### Given information
########################################
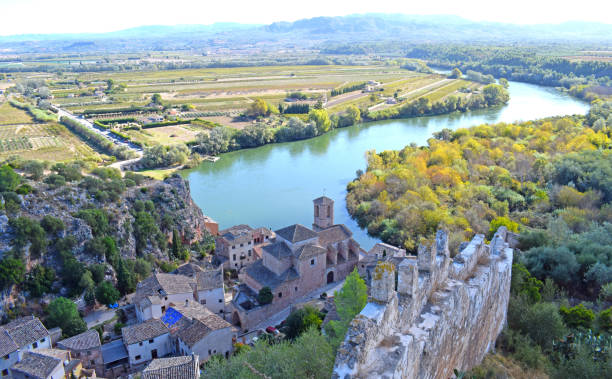 istock River Ebro as it passes through Miravet, Tarragona 1281057598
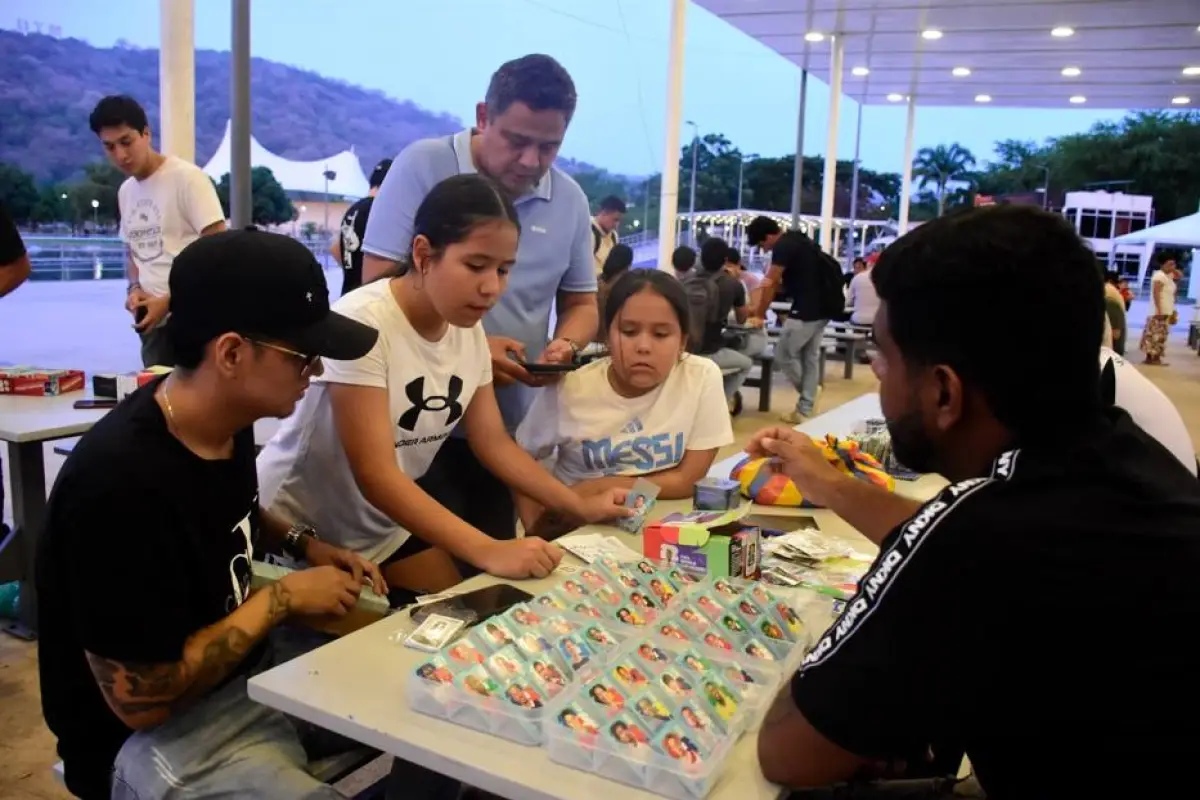 ÁLBUM PANINI MUNDIAL 2026 PORTOVIEJO LA ROTONDA.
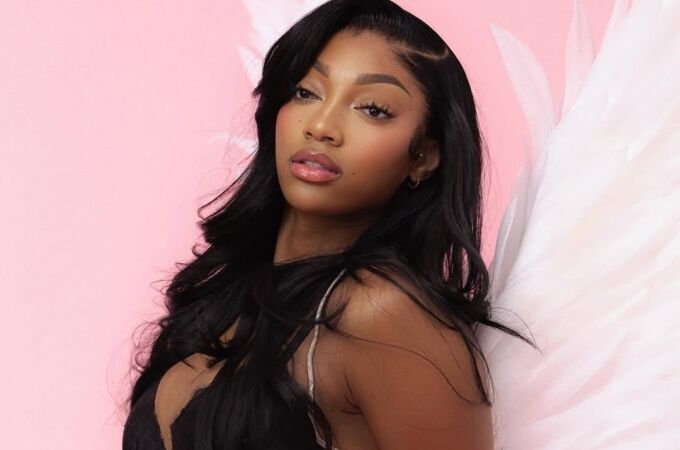 Una estrella de la WNBA se convierte en la primera mujer deportista en desfilar como modelo de Victoria's Secret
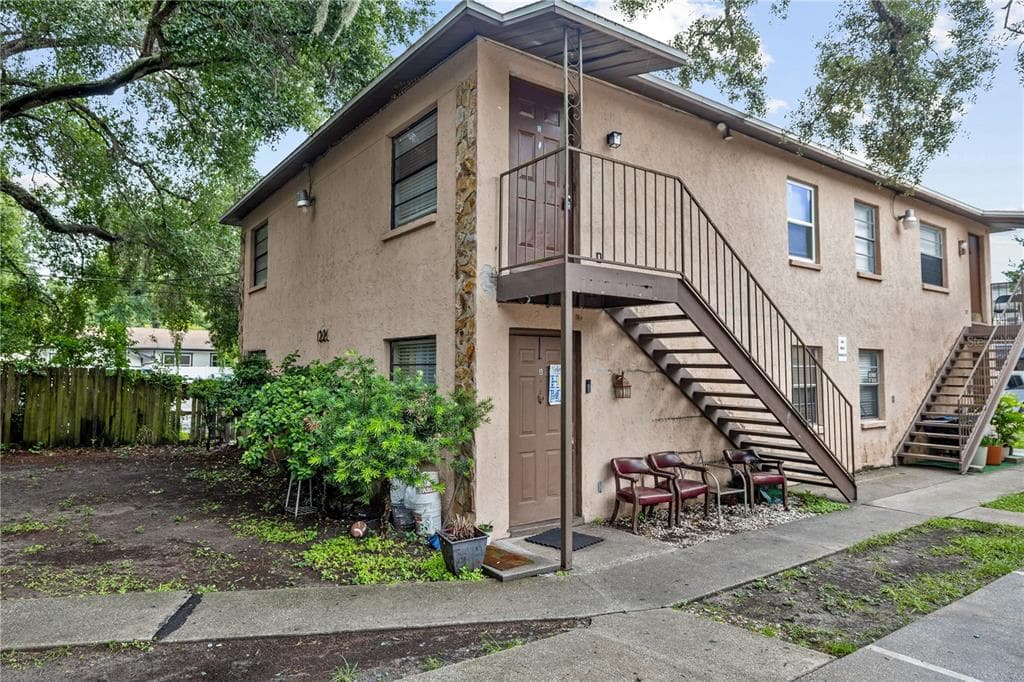 1221 E MOHAWK AVENUE UNIT C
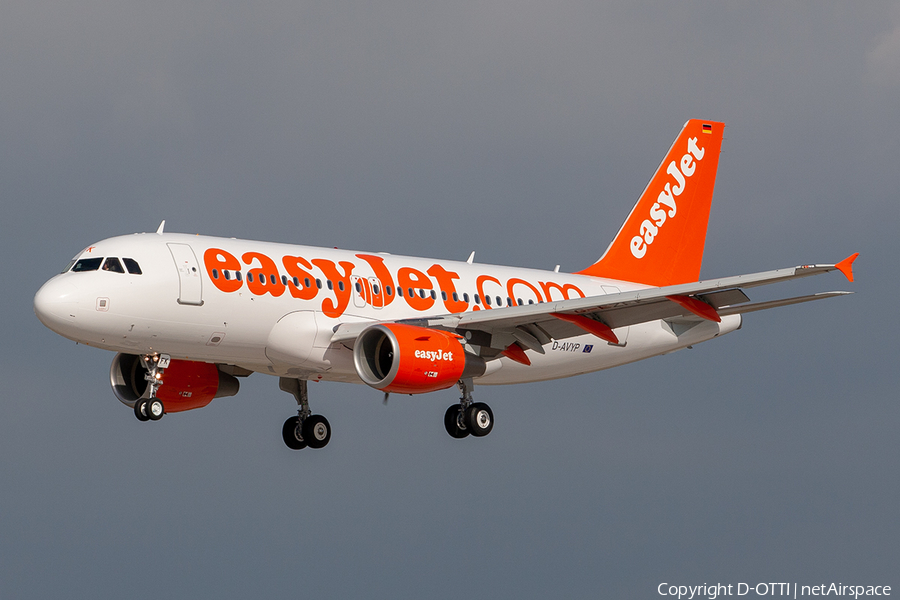 easyJet Airbus A319-111 (D-AVYP) | Photo 278116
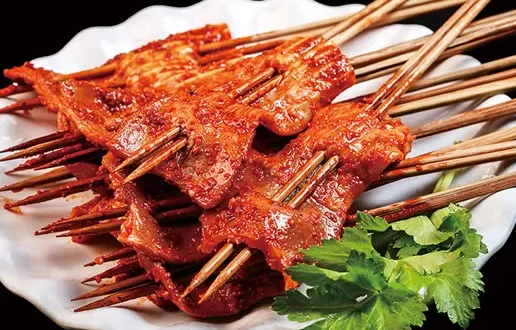 重庆小郡肝串串香费多少？优势是什么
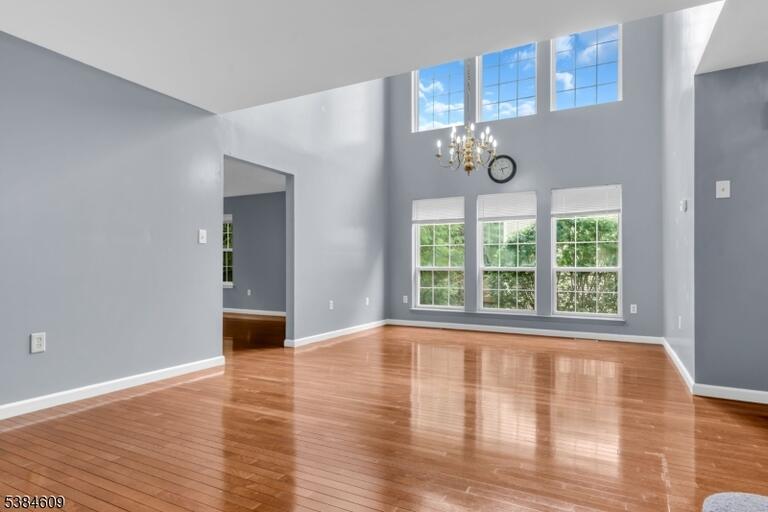 Property listing MLS 4045252 photo 5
########################################
### Task details
Here the job is to retype exactly the lines that start at the one containing "1221 E MOHAWK AVENUE UNIT C" and run through the end of the records above, leaving out pictures.

### Solution to this task
 1221 E MOHAWK AVENUE UNIT C
 easyJet Airbus A319-111 (D-AVYP) | Photo 278116
 重庆小郡肝串串香费多少？优势是什么
 Property listing MLS 4045252 photo 5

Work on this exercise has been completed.